Inheritance

I remember a professor in college – in despair at Zami, or Stone Butch Blues, being advanced as literary canon – plaintively saying that it was his understanding that a proper leftist revolution would bring the great works of the West to the masses, not turn aside from them entirely.

I wonder about this every time I put Versailles in front of my students. Should landscapes be inherited? Should they be subject to an inheritance tax, taxed for what they have done wrong? It is, I think, a real difficulty to propose to further, in the examples we present, a professional identity so thoroughly rooted in evils, from the evil labor relations built into most great estates all the way down to its disdain for its perennial working other, the landscaper.

The peculiarity, the minority of landscape architecture; the harsh mismatch between its self-regard and its obscurity; all this has at least the benefit that it causes us to think critically and at length about our professional self-definition. (I start to suspect that in fact it attracts the ambivalent and the irresolute.) If professions are bundles of sticks, separate duties and interests bound together in one name, landscape is composed of stray leavings from culture’s back lot – a lumpy log, a good limb or two, a few twigs.

We might well choose to rearrange and restock the bundle we pass on.

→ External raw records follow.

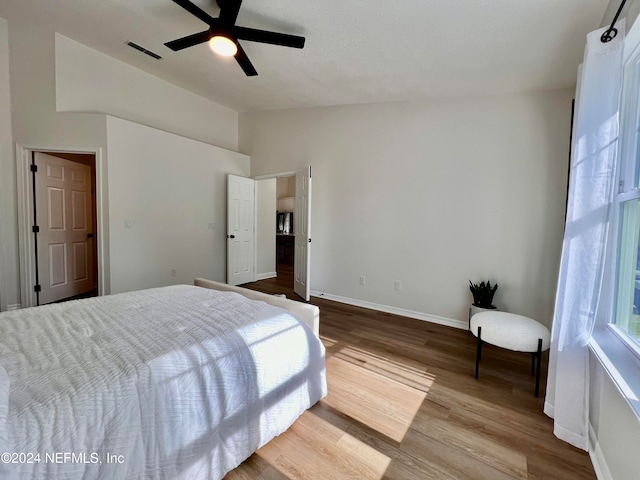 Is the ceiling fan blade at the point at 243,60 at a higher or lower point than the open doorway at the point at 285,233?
higher

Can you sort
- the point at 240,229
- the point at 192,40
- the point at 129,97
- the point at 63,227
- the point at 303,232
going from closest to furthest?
the point at 192,40 → the point at 129,97 → the point at 63,227 → the point at 303,232 → the point at 240,229

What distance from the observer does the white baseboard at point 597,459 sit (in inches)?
51.0

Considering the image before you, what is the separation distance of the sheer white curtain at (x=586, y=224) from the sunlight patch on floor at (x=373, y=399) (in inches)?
33.0

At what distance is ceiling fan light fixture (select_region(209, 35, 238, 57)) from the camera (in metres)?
2.10

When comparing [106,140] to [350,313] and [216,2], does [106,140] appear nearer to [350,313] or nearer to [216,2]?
[216,2]

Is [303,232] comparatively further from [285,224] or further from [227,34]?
[285,224]

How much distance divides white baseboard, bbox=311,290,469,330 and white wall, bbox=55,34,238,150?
3.39 m

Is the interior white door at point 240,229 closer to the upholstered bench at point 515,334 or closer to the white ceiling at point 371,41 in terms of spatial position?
the white ceiling at point 371,41

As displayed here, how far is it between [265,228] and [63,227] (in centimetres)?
304

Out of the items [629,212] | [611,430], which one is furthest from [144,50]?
[611,430]

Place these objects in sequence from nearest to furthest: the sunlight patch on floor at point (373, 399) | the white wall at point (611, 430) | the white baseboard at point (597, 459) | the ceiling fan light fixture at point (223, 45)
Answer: the white wall at point (611, 430), the white baseboard at point (597, 459), the sunlight patch on floor at point (373, 399), the ceiling fan light fixture at point (223, 45)

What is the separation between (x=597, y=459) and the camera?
4.55 feet

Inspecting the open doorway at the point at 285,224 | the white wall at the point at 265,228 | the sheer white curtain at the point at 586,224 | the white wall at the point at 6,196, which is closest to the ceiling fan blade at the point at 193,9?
the sheer white curtain at the point at 586,224

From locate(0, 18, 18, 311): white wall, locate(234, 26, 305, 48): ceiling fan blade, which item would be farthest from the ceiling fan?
locate(0, 18, 18, 311): white wall
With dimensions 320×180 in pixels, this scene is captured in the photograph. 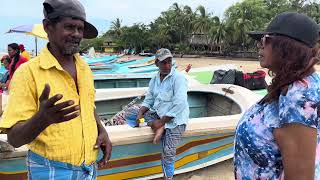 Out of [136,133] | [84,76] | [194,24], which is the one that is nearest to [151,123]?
[136,133]

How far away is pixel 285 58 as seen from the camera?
142cm

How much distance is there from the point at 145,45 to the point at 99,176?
159 ft

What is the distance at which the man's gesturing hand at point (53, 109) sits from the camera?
1.39m

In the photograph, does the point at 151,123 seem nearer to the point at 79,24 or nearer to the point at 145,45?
the point at 79,24

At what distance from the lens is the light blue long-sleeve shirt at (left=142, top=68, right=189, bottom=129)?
3469 millimetres

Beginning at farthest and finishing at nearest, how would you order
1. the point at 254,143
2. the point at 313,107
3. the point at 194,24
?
the point at 194,24, the point at 254,143, the point at 313,107

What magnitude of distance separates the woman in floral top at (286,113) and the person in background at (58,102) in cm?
78

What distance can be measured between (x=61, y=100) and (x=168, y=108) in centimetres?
187

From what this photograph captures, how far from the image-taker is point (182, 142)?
3977 millimetres

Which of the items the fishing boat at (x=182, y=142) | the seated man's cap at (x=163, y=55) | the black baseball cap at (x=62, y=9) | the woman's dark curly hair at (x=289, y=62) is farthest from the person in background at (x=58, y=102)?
the seated man's cap at (x=163, y=55)

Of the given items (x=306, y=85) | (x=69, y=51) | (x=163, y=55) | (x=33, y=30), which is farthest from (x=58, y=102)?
(x=33, y=30)

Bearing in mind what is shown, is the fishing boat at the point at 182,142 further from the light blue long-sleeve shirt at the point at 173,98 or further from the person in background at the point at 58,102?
the person in background at the point at 58,102

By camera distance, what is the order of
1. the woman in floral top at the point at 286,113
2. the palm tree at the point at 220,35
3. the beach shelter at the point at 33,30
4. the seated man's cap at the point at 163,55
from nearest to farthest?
the woman in floral top at the point at 286,113
the seated man's cap at the point at 163,55
the beach shelter at the point at 33,30
the palm tree at the point at 220,35

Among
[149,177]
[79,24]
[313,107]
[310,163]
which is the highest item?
[79,24] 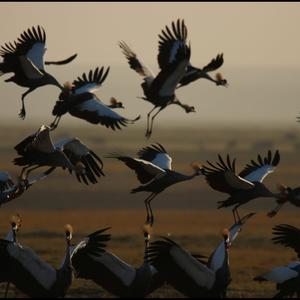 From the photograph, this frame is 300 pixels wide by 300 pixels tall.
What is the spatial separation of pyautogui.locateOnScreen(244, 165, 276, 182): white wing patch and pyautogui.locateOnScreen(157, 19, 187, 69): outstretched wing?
2610 millimetres

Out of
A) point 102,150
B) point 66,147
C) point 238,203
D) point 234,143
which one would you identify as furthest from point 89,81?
point 234,143

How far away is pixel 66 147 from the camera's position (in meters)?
19.6

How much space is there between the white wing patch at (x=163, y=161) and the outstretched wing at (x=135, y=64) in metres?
2.16

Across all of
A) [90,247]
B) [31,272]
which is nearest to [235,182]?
[90,247]

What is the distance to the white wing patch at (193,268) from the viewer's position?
17.1m

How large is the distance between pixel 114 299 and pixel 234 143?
62.0 meters

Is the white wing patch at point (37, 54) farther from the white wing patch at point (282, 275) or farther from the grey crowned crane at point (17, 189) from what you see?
the white wing patch at point (282, 275)

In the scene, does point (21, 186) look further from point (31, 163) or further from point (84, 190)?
point (84, 190)

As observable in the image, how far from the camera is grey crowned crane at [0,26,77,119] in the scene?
67.0ft

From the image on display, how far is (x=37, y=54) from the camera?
21219 mm

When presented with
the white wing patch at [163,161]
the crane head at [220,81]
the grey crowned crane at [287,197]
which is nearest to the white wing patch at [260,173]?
the grey crowned crane at [287,197]

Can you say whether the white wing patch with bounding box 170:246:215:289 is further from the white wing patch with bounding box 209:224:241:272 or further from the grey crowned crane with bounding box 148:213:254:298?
the white wing patch with bounding box 209:224:241:272

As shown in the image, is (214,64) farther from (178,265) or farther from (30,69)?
(178,265)

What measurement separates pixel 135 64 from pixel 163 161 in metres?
3.34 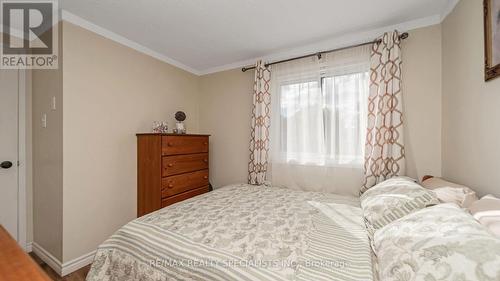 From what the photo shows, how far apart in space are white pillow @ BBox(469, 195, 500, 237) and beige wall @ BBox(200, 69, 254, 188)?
226cm

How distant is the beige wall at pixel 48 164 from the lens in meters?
1.85

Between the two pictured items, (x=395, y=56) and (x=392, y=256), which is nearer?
(x=392, y=256)

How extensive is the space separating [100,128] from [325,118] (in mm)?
2441

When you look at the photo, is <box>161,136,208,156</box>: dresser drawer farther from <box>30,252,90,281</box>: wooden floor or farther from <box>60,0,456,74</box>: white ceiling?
<box>30,252,90,281</box>: wooden floor

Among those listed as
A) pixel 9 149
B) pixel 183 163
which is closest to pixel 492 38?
pixel 183 163

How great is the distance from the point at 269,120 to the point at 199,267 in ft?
6.43

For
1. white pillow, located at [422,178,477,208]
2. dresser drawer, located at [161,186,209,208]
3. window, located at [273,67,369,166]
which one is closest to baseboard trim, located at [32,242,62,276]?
dresser drawer, located at [161,186,209,208]

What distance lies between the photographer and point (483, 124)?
4.29ft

And in the zero-sum run of years that constitutes an initial education in landscape, this means that certain places must be struck and others added in.

A student asked me once point-blank if the department had a commitment to teaching diverse landscapes equal to that of its stated commitment to hire diverse faculty. It was tough to answer. One hand, yes, I try to teach this, but I can only teach what has been written about; what has been written about is what has been accepted or assimilated in the eyes of the profession. That means that it takes the work of a community in conversation to change the tradition. You can see the potential in recent work like John Beardsley’s edited volume Cultural Landscape Heritage in Sub-Saharan Africa which proposes additions so substantial as to not only displace more familiar places, but to actually dislocate how we think of landscape-making in the first place. I’m thinking specifically of the fearful groves in Ikem Stanley Okoye’s “Good Bush, Bad Bush.”

Yes, we lose something substantial when, as the curriculum diversifies, Versailles becomes the sole representative of the Baroque landscape that a student meets with. As whole traditions shrink to exemplars we stand to lose the ability to reckon between across different representatives of a tradition.

First and foremost, though, in changing the tradition of education we are given, we exert conscious responsibility over the model of the world we would like our students to be working with. If we do it right, we will even have them in agonies of their own when it comes time to pass on their own notions of what the traditions are.